Summary: ZeRO: Memory Optimizations Toward Training Trillion Parameter Models
Download the Paper
Note: Also read distrubuted_training_strategy if you are interested in this topic.
1. What is the paper about?
It introduces ZeRO (Zero Redundancy Optimizer), a method to optimize memory usage for extremely large-scale NN training (potentially up to trillions of parameters).
ZeRO-DP splits the optimizer states, gradients, and parameters across different devices, thereby reducing redundant memory usage and enabling larger batch sizes and faster training throughput.
It also proposes ZeRO-R to handle activation memory, temporary buffers, and memory fragmentation, aiming to further reduce memory footprints while retaining efficient computation.

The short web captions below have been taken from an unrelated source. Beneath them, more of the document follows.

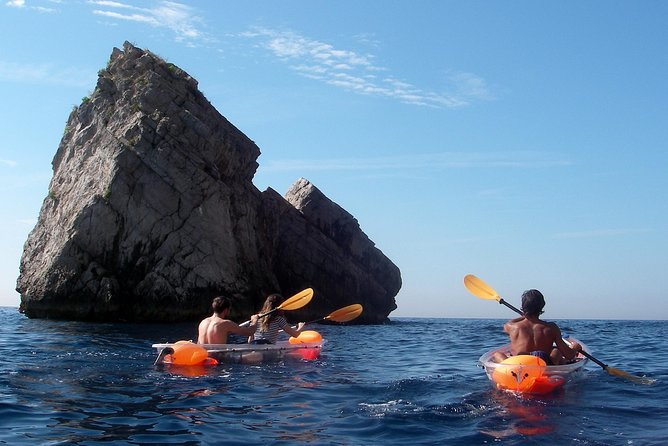 Amalfi Coast Kayak Tours from Marina del Cantone - Choosing between the 90-minute and longer tours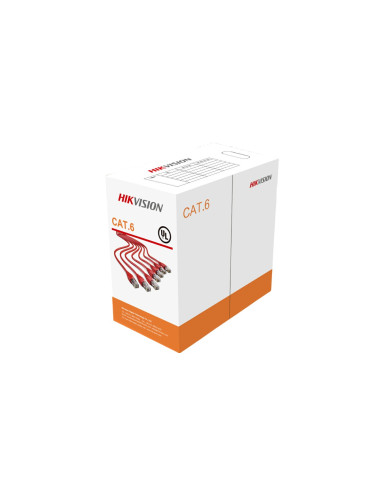 Bulkkabel Hikvision - 305 M - Utp - Cat 6 - Robust - Verschiedene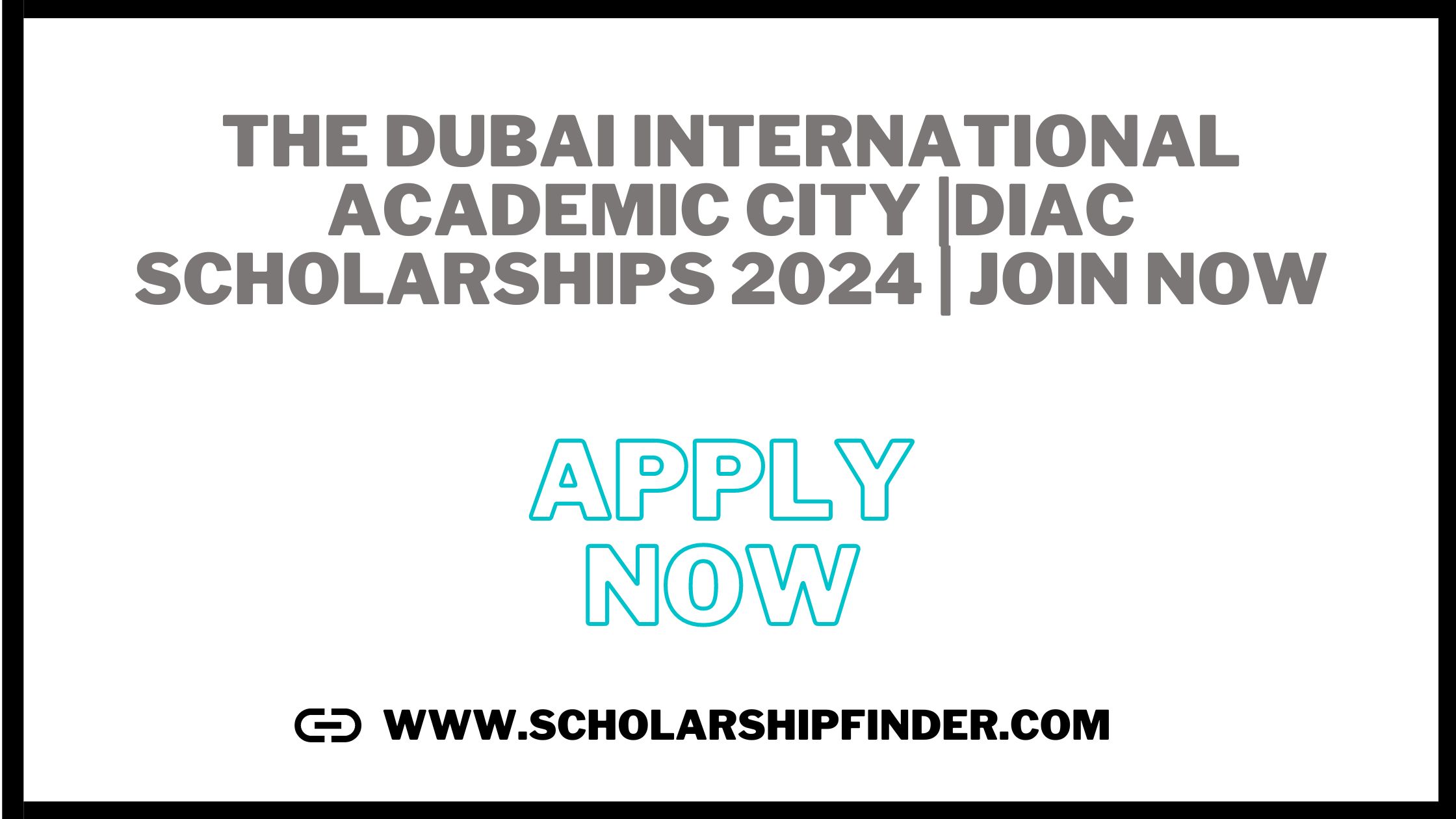 The Dubai International Academic City |DIAC Scholarships 2024 | JOIN NOW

2. What is new about this specific paper, compared to prior work?
Unlike traditional DP or TP (tensor parallel) (which either replicate the model on all devices or split layers vertically), ZeRO partitions the model’s states and only re-materializes them when needed.
ZeRO’s approach retains the simplicity and low communication overhead of DP while drastically reducing memory overhead—something not achieved by prior TP or pipeline-parallel (PP) techniques.
It demonstrates analytically and experimentally that ZeRO could feasibly train a trillion-parameter model by leveraging enough GPUs and employing its partitioning strategy.
ZeRO does not require complicated model refactoring, whereas prior solutions, such as Megatron-LM or G-Pipe, often need significant changes to the model architecture or training loop.
3. What experiments were run to support the arguments in this paper?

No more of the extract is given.